Türkçesiyle de yazalım. Yeterlilik mi, bağlılık mı?

Siyasilerin dilinde, yine liyakat sözü var bugünlerde. Şayet inanarak söylüyorlarsa, umut verici.

Hepsi liyakatla yatıp liyakatla kalkıyor. Gelgelelim ki; aranan liyakat nedense bir türlü bulunamıyor. Liyakat aşağı, liyakat yukarı. Liyakat kayıp, faili meçhul. Faili belli aslında. Çapsız, kaprisli, kibirli, özgüvensiz siyasetçilerin yozlaştırıp çürüttüğü siyasal kültür.Bu politik kültürün talebi; kayıtsız koşulsuz sadakat. Oysa; sadakat varsa liyakat olmaz, liyakat varsa sadakat olmaz.

Sadakat, kişicidir. Efendisi her kimse, salt onu düşünür. Faydacıdır.

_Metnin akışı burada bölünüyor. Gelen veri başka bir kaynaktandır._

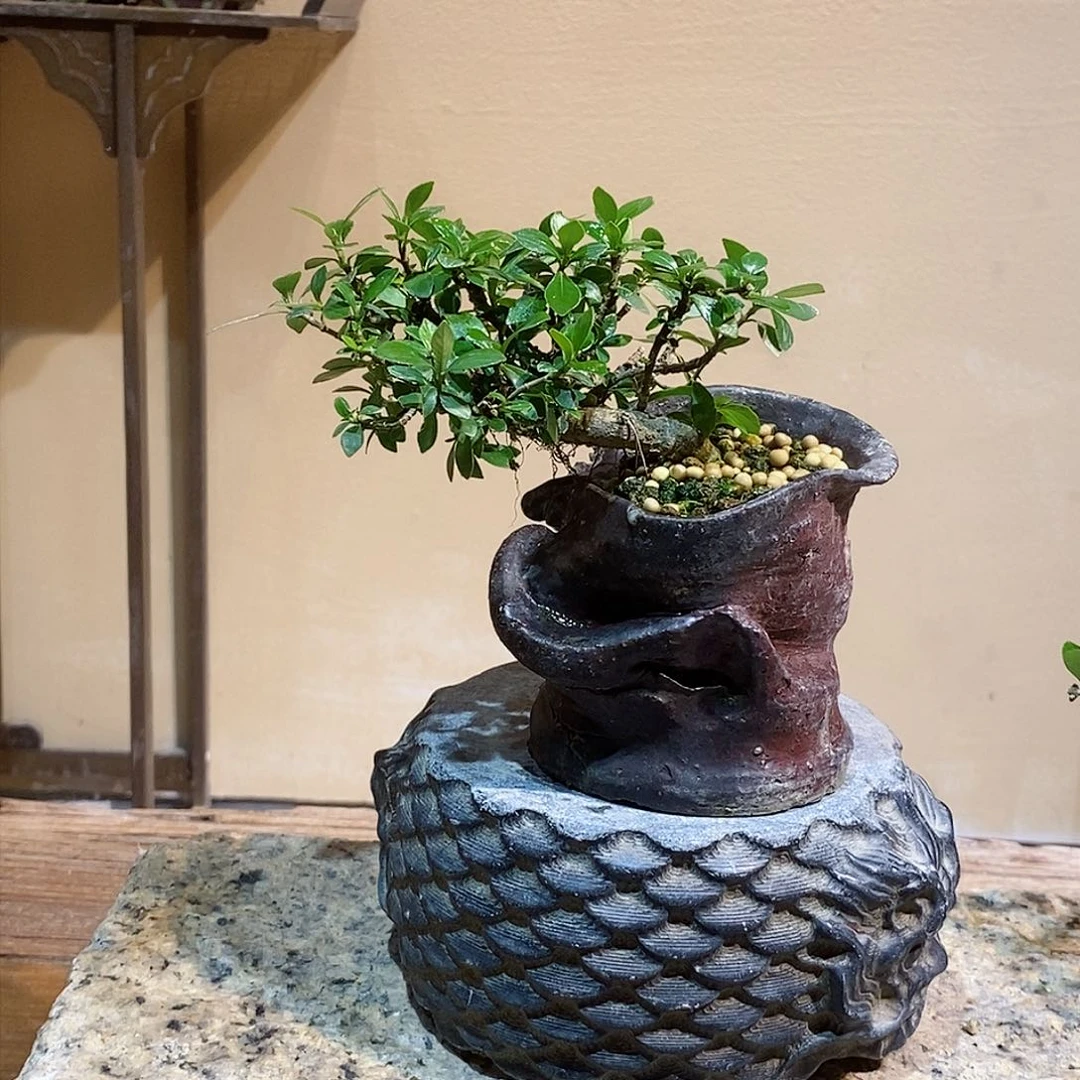 无花朵天****业栀子花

Liyakat toplumsal yararı, halkı düşünür. Toplumcudur.

Sadakat, evetçidir. Şakşakçıdır. Alkışçıdır. Pohpohçudur....

Sadakatta; özgüven, özgünlüklük yoktur. Özgül ağırlık yoktur. Özgür ve yaratıcı düşünce hiç yoktur. Akli değil naklidir. Görüş açısı; sığ ve dardır.

Liyakat; eleştireldir. Yöntemsel ve projecidir. Özgür düşünüp, özgün tasarlar. Görüşü geniş, bakışı ufukludur. Bu mevzu çok çok uzun.

Gelin şimdi Liyakat ve Sadakat'ı bir konuşturalım.

Sadakat:

- Merhaba Liyakat. Ne var ne yok? İşler nasıl?

Liyakat:

- Merhaba Sadakat. İş güç yok. Bu alan senin alanın. Güç merkezi siyaset kurumu. Onlar da beni sevmez. Onlar senin gözden, sen de onların biricik gözdesi.

Sadakat:

- Öyle deme. Bugünlerde çok huzursuzum. Herkesin dilinde sen varsın. Cümle alem seni arıyor.Liyakattt! Liyakattt! Bu ürkütücü sesleri duymak beni öyle panikletiyor ki, sorma gitsin.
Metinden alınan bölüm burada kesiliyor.